Tuesday, May 31, 2011

#1

Dat ass.


Busy busy busy!

Saturday, May 28, 2011

The world is full of people who only care for themselves.
But some people do genuinely care.
They may be few and far between, but they're still out there.
Never ever loose hope in the world, people are full of surprises :)

Thursday, May 26, 2011

doodles.

I deleted this blog.
It was gone for 30 minutes...thats as long as I could last :(
I also made a new one, which will probably be the one I use primarily now.

Wednesday, May 25, 2011

My life be like...

Shit. 
Thats the truth, the whole truth and nothing but the truth.
I have had things happen to me that I would never wish on someone else, but I continue to support others through their problems. I would say I am a pretty un-selfish person, especially when someone yells that "I just don't understand what it's like to be depressed" when I have been fighting depression for years. I understand that everyone gets upset, which is exactly why I don't ever make anyone feel trivial about their own problems.
But I've reached this barrier, this line between everything; if no one asks me if I'm okay, should I still do the same for them? I'm not the type of person to make my emotions visible, I keep everything on the inside, except for what I write on this Godforsaken blog; so think twice before assuming that my world is just rainbows and gumdrops. Infact, make that assumption with everyone you know or meet, because trust me... you don't know half of what I've been through; and there are reasons for that. 

Fuckyaaaadix!

Haaaaaaar har

It's funny when those people who bitch so much about people being melodramatic turn out to be the worst of all... :)
FUCKING LOVE SPINACH. 

Tuesday, May 24, 2011

zombabe.

:) cute.

La la la!

You're one of the few people who can make me smile, just by looking at me.
You're kinda crazy...well just a little tiny bit :3
Thankyou for just being you, and caring about me :)
I don't think I tell you enough how happy I am to have you /happyface
You make everything seem worth it. 

Monday, May 23, 2011

Fun fun fun fun fun!

To be honest, I am sick of people who play games. People who can't just say what they think, and instead have to lead you on some type of wild goose chase. I think people forget that two can play at that game. :) 



Friday, May 20, 2011

10 reasons

I hate you.
1. Liar
2. Fake
3. Blabbermouth
4. Social climbing ass wipe
5. Selfish git
6. Suck up
7. Idiot. Literally the dumbest person I know.
8. Rude.
9. "Friends forever" my fucking ass.
10. Someone I trusted, who took what I told them and made me look awful. Bitch, fucking burn. 

Thursday, May 19, 2011

Welcome to my nightmare.

I had the worst dream.
It was awful...
it combined all my fears and felt so unbelievably true; that when I woke up I was shaking.
I thought dreams like this were a thing of the past.  :(

Tuesday, May 17, 2011

Shame, shame on me. 



Resorting to the songs that kept me here. 
You can't touch me now theres no feeling left. 

Monday, May 16, 2011

Misery = you.

I don't understand why some people can't just go away.
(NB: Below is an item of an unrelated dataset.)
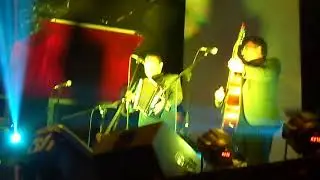 Ruben Garza y Hector Gonzalez, en vivo desde saltillo coahuila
You don't like me, I don't like you, so why do you insist on making idle chit chat with me? I know this sounds bitter, rude and mean...but the truth is I don't want people who don't really care about me in my life, so why would I want to hear about how boring your weekend was? Why would I want to talk to someone who brings with them a feeling of dread and nostalgia? Why would I want to talk to someone who broke my heart?
I don't.

:)

Tuesday, May 10, 2011

Moo.

You had a choice, and you chose to go against me. 
Sometimes I actually think to myself, "what would you do if I treated you the way you treat me?" and then I realise, you would of told me to get fucked long ago; so why can't I do the same?




Saturday, May 7, 2011

Don't hold your breath.




:) 



Tuesday, May 3, 2011

Feels so good being bad.

Theres this feeling of distaste inside of me, a strong dislike toward liars. Dislike toward people who pose as your friends, just waiting to stab you in the back. It bothers me that whenever I'm happy people have to try and ruin that with their silly little lies and obnoxious comments. 
Some people should take these words into consideration before they make accusations, and they should consider the following from more than one perspective. 
 It's become more and more of a priority for me to tread as lightly as possible in the world.